▸ **DATA BLOCK**:
▬▬▬▬▬▬
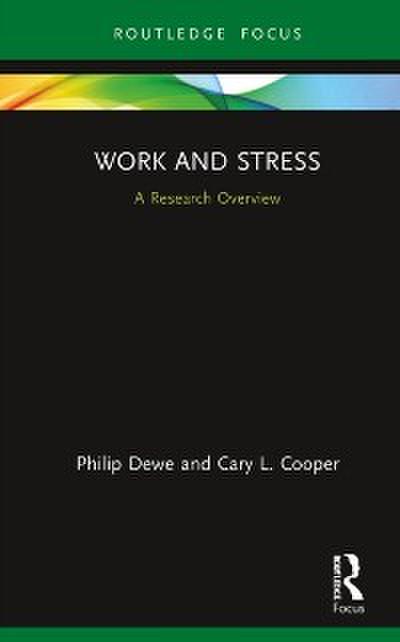 Work and Stress: A Research Overview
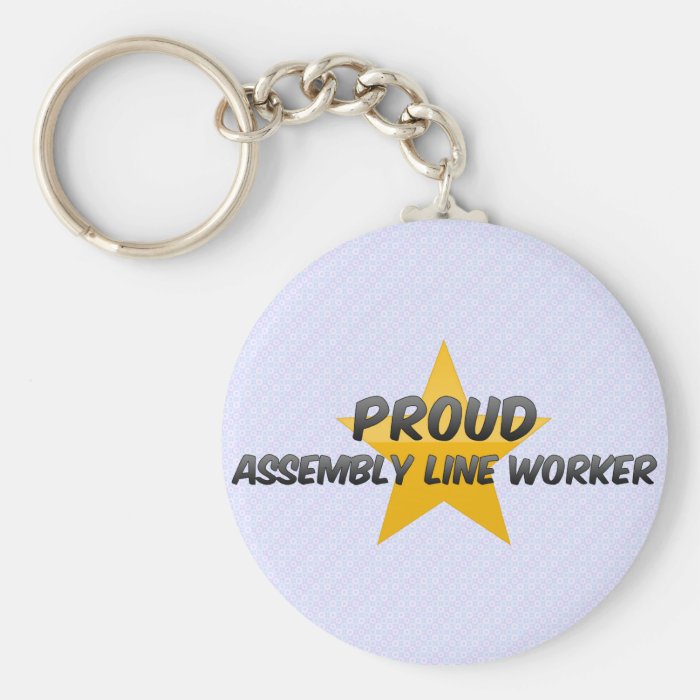 Proud Assembly Line Worker Keychain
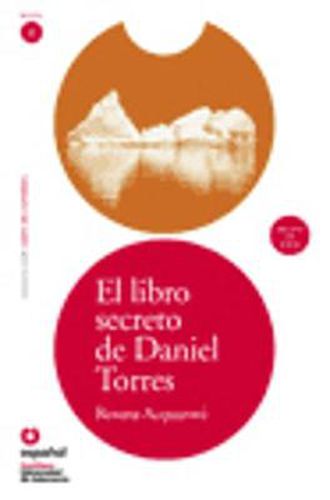 Cover image for Leer en Espanol - lecturas graduadas: El libro secreto de Daniel Torres + CD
▬▬▬▬▬▬
▸ **INSTRUCTIONS FOR THE TASK**: Your reply should consist of the data, transcribed exactly, and should hold no pictures.

▸ **WRITTEN SOLUTION**:
 Work and Stress: A Research Overview
 Proud Assembly Line Worker Keychain
 Cover image for Leer en Espanol - lecturas graduadas: El libro secreto de Daniel Torres + CD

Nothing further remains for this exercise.